War encircles popular summer vacation spot in Syria
CBS News correspondent Elizabeth Palmer traveled to Syria for a rare look at how the country's civil war is impacting its people and cities. Palmer filed this report from Latakia - one of the last remaining areas under full government control.
LATAKIA, Syria -- There are few places left in Syria where a "good shot" has nothing to do with guns, but instead, a score on a volleyball court.
Latakia, on the Mediterranean Sea, is one of the last cities in the country under full government control. If you're Syrian and you can afford it, this is where you come for your summer vacation -- and to block out Syria's vicious war, which is creeping ever closer.
Less than 50 miles away, extremist fighters took the city of Jisr al Shugour in May. Rebel groups now control large areas of countryside.
Only half an hour's drive out of Latakia we found one of the Syrian army posts holding the line. We weren't allowed to film their fighting positions, just the soldiers checking traffic for rebel sympathizers and weapons.
Beyond the Syrian government checkpoint is contested territory. The Syrian military -- tired and overstretched -- doesn't like to admit it, but things are not going well. Over the past year they've lost ground to ISIS and a whole patchwork of extremist groups.

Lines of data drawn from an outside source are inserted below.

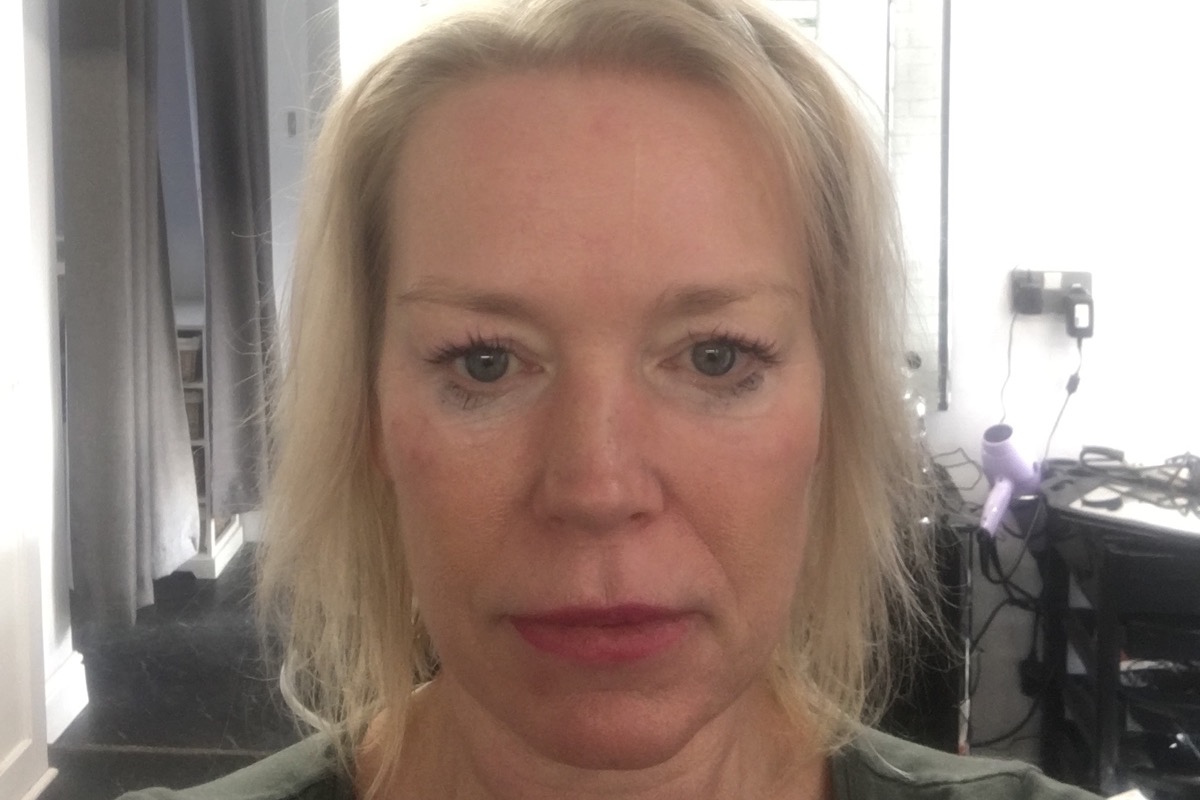 Fundraiser By Joanna Leverett Hair Loss For Men And Women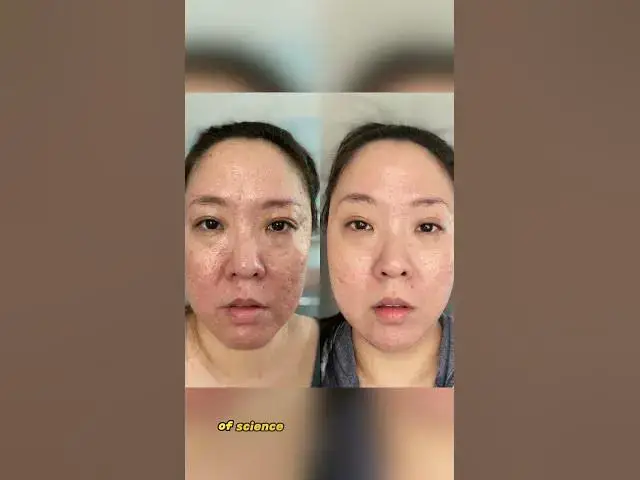 'Video thumbnail for 🌟 Discover the Secret to Youthful Skin! 🌟'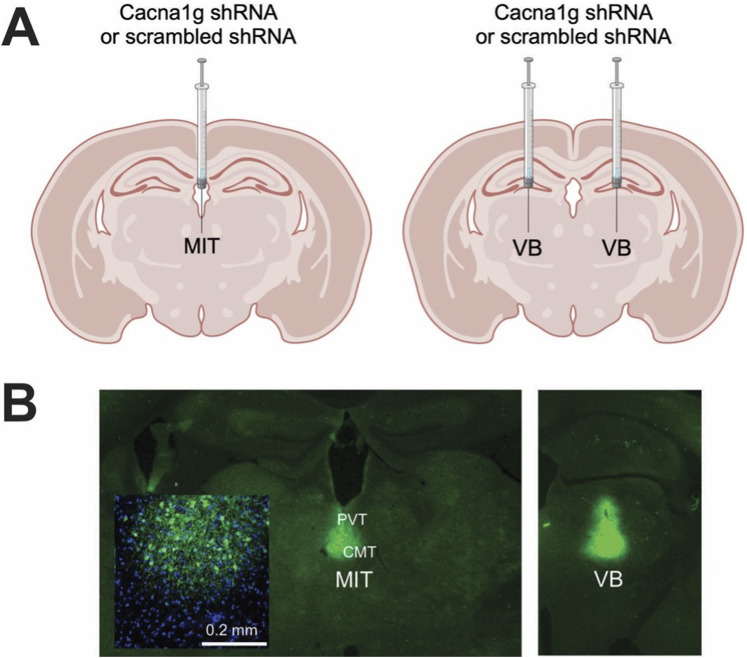 <i>In vivo</i> silencing of the thalamic Ca<sub>V</sub>3.1 voltage-gated calcium channels demonstrates their region-specific role in anesthetic mediated hypnosis.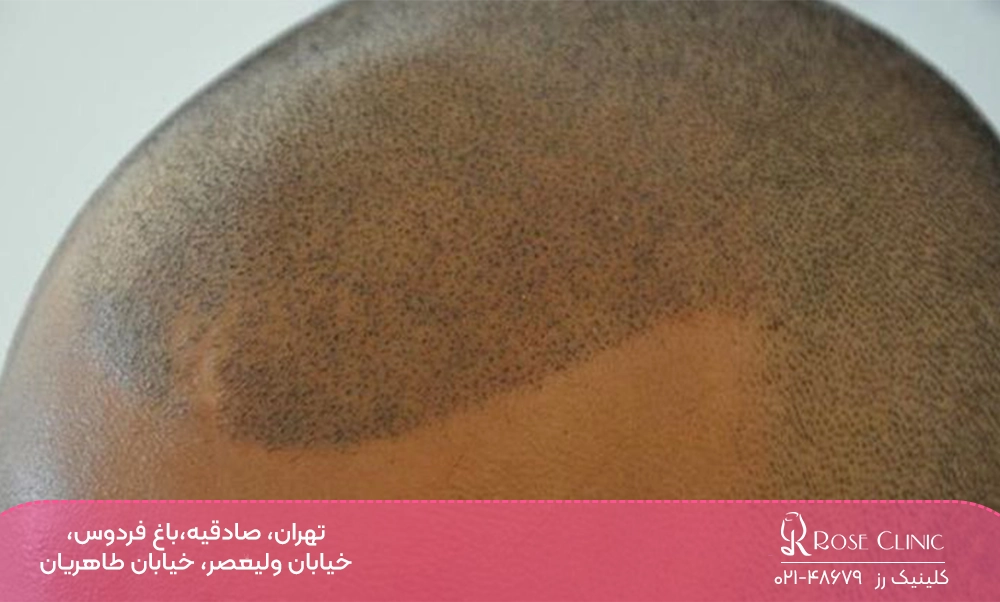 تتوی سر یا اسکالپ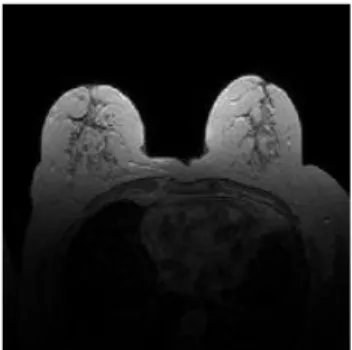 Figure 2.7  shows an example dicom file. The following information is about the  dicom file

One man we met, Haeyk, has a family home in government territory. But he tells me his son's school -- just a mile away -- has fallen to the opposition.
"What would happen if you went there?" I asked him.
"Not a chance," he answered. "The snipers would get us."
Latakia's city center is still bustling with life, but everyone here, just like the people on the beach, is afraid that the little pockets of stability remaining are on borrowed time.
Latakia has an extra measure of protection because a majority of the people who live here are big supporters of President Bashar al-Assad and his government, so any rebel attack is bound to meet with ferocious resistance from the population.